13 Nisan 2026 Pazartesi

Production Issues Troubleshoot

Bazı problemler şöyle
Here are 15 real production scenario-based questions:

1. Your Spring Boot service CPU suddenly spikes to 90% in production. How will you investigate and fix it?

2. After deployment, your service starts throwing intermittent 500 errors. How will you debug this issue?

3. One microservice goes down and causes a chain failure in other services. How will you prevent this in future?

4. Your API response time increased from 200ms to 3 seconds after a new release. How will you identify the root cause?

5. Database connections are getting exhausted under load. What steps will you take to fix this?

6. A third-party service you depend on is timing out frequently. How will you handle this in your system?

7. You observe duplicate transactions happening in your system. How will you prevent this?

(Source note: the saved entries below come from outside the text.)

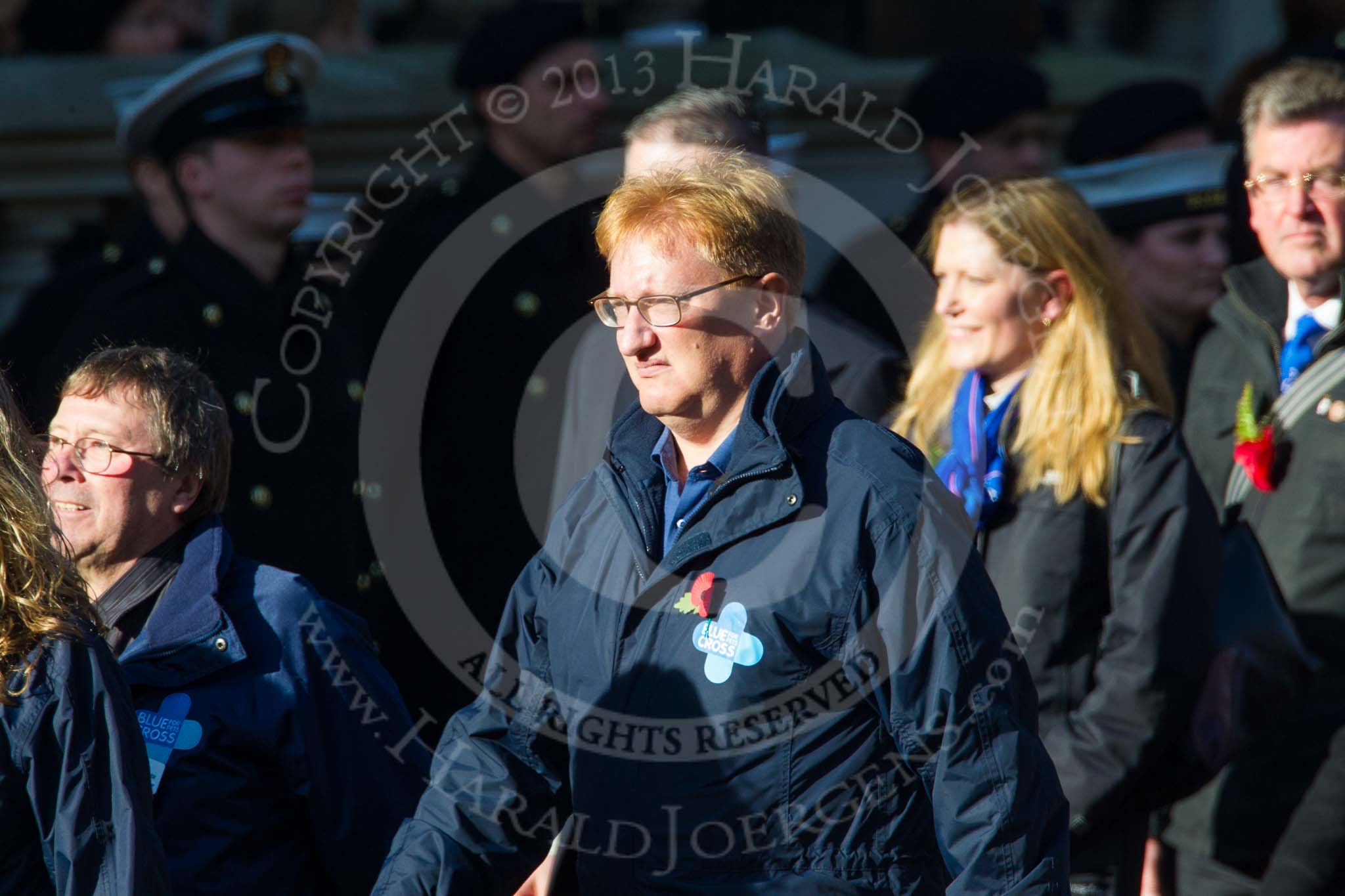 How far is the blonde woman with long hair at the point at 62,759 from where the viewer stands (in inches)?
90.5

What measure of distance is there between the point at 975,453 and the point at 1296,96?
3.77 ft

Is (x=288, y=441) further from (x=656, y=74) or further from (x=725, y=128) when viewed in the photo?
(x=656, y=74)

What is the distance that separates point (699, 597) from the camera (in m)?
2.47

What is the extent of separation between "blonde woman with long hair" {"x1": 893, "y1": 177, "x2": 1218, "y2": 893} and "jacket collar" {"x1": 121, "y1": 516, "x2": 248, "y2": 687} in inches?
53.4

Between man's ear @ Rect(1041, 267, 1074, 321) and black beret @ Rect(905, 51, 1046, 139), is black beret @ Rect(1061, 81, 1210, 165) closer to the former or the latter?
black beret @ Rect(905, 51, 1046, 139)

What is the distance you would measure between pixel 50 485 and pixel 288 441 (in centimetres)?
128

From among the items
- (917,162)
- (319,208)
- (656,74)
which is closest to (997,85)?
(917,162)

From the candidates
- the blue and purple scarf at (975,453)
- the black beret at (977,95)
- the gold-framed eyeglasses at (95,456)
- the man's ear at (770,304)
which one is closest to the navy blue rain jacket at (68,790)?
the gold-framed eyeglasses at (95,456)

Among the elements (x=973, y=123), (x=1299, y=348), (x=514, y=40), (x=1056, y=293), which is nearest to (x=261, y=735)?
(x=1056, y=293)

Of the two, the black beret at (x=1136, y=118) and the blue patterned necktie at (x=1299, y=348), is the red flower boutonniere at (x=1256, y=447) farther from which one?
the black beret at (x=1136, y=118)

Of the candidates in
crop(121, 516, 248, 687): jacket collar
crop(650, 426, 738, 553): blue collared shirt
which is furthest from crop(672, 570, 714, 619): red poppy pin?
crop(121, 516, 248, 687): jacket collar

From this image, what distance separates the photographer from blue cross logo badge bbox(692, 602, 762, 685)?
95.9 inches

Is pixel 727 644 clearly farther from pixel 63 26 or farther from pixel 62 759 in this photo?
pixel 63 26

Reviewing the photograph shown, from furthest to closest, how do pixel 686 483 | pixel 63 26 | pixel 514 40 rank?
pixel 63 26 < pixel 514 40 < pixel 686 483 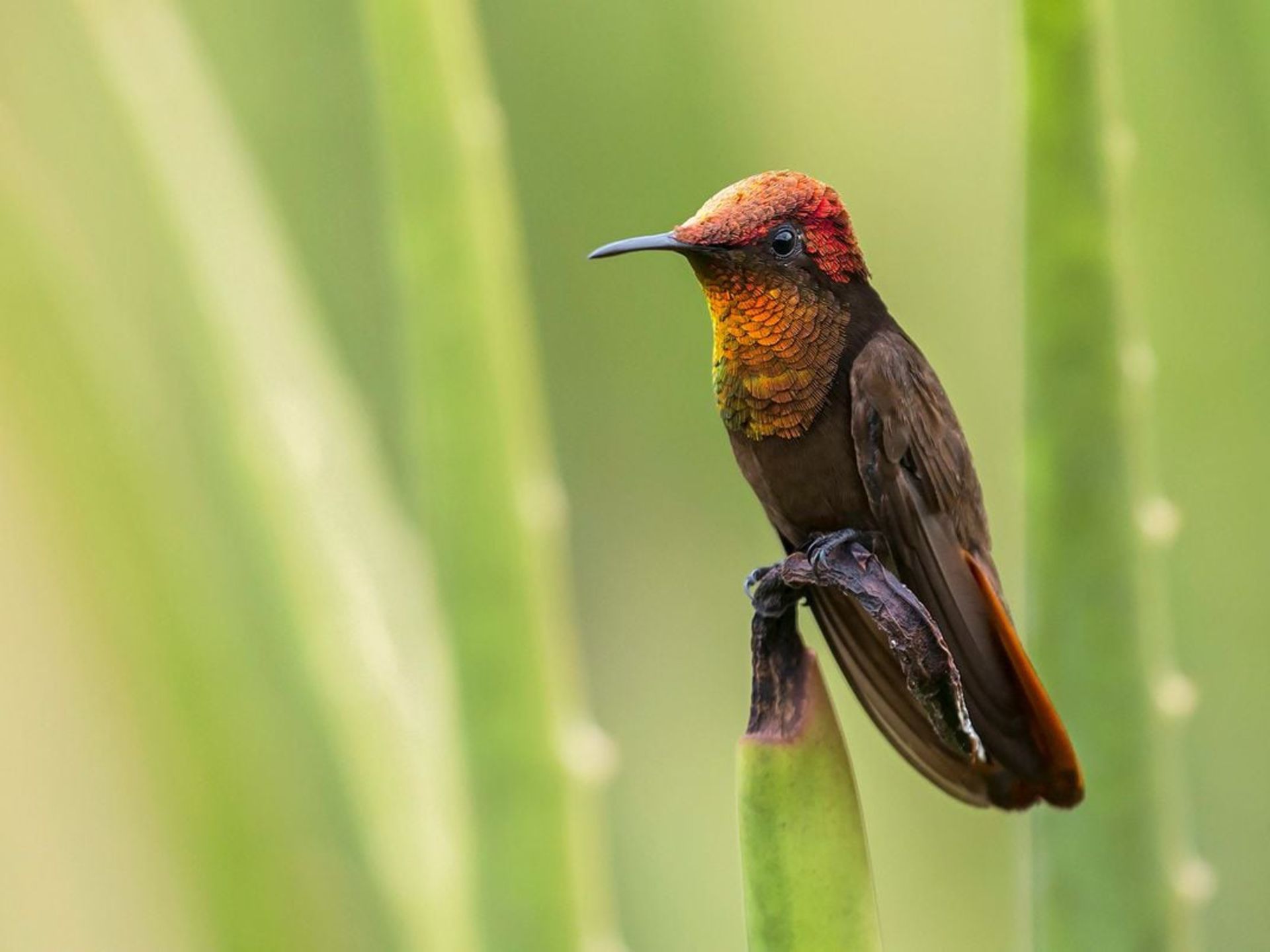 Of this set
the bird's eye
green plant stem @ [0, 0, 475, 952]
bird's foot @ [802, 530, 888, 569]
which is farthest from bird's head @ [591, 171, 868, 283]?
green plant stem @ [0, 0, 475, 952]

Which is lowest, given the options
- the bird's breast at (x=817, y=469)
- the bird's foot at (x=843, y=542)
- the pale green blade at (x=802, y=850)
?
the pale green blade at (x=802, y=850)

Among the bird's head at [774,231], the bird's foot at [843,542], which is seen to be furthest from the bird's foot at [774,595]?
the bird's head at [774,231]

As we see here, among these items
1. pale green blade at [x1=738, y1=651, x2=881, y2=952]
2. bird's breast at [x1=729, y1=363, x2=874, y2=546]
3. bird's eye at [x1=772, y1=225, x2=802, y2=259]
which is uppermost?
bird's eye at [x1=772, y1=225, x2=802, y2=259]

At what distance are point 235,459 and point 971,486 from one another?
402 millimetres

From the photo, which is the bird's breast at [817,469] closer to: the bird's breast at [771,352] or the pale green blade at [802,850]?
the bird's breast at [771,352]

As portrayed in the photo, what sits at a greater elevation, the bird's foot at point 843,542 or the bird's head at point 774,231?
the bird's head at point 774,231

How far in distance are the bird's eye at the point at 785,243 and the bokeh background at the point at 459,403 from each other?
10 centimetres

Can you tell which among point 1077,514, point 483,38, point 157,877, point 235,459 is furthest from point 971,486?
point 483,38

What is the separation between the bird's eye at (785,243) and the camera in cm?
67

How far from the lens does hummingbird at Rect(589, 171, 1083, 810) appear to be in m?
0.63

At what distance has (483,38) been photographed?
4.05ft

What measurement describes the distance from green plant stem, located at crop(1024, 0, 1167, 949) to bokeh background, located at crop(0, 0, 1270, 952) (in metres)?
0.02

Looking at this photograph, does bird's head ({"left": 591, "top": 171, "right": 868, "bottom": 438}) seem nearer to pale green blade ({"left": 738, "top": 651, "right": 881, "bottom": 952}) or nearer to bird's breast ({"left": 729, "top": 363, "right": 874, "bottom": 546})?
bird's breast ({"left": 729, "top": 363, "right": 874, "bottom": 546})

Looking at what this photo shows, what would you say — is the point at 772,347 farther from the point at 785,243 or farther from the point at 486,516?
the point at 486,516
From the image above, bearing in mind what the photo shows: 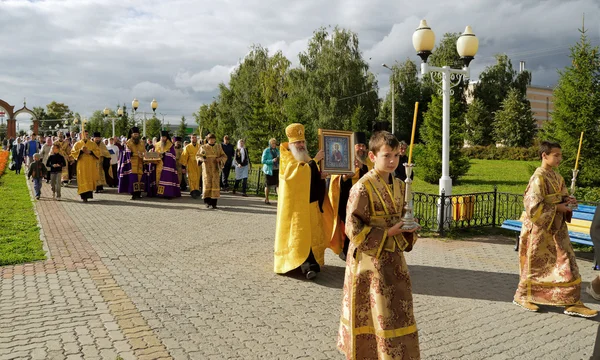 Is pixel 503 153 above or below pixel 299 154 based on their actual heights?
above

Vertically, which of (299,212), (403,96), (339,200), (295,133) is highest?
(403,96)

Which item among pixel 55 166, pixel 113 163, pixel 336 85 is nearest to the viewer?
pixel 55 166

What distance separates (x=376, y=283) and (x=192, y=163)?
1397cm

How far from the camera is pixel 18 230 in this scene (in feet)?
35.7

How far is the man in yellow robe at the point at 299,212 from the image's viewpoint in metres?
7.30

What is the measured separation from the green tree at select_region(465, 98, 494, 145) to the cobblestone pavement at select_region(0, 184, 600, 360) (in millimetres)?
42752

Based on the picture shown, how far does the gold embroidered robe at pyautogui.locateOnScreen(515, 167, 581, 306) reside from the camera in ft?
19.6

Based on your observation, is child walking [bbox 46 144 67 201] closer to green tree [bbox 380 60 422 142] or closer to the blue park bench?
the blue park bench

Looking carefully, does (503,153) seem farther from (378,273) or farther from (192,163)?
(378,273)

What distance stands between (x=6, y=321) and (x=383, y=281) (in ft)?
13.3

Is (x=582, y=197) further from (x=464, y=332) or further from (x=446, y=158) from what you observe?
(x=464, y=332)

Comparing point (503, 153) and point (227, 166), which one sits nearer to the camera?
point (227, 166)

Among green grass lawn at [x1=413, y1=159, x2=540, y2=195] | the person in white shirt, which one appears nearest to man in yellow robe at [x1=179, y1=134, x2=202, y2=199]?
the person in white shirt

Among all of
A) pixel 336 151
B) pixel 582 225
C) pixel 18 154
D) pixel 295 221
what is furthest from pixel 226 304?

8. Logs are too large and distributed, making debugging difficult. How will you improve observability?

9. Memory usage keeps increasing and your service crashes after some time. How will you detect and fix memory leaks?

10. Your microservice works fine locally but fails in production. How will you approach debugging?

11. A new deployment breaks one feature but works for others. How will you safely roll back?

12. Traffic suddenly spikes 5x during peak hours and your service becomes slow. How will you scale?

13. Inter-service communication is failing due to network latency. How will you optimize it?

14. You need to trace a single request across multiple services during a failure. How will you implement tracing?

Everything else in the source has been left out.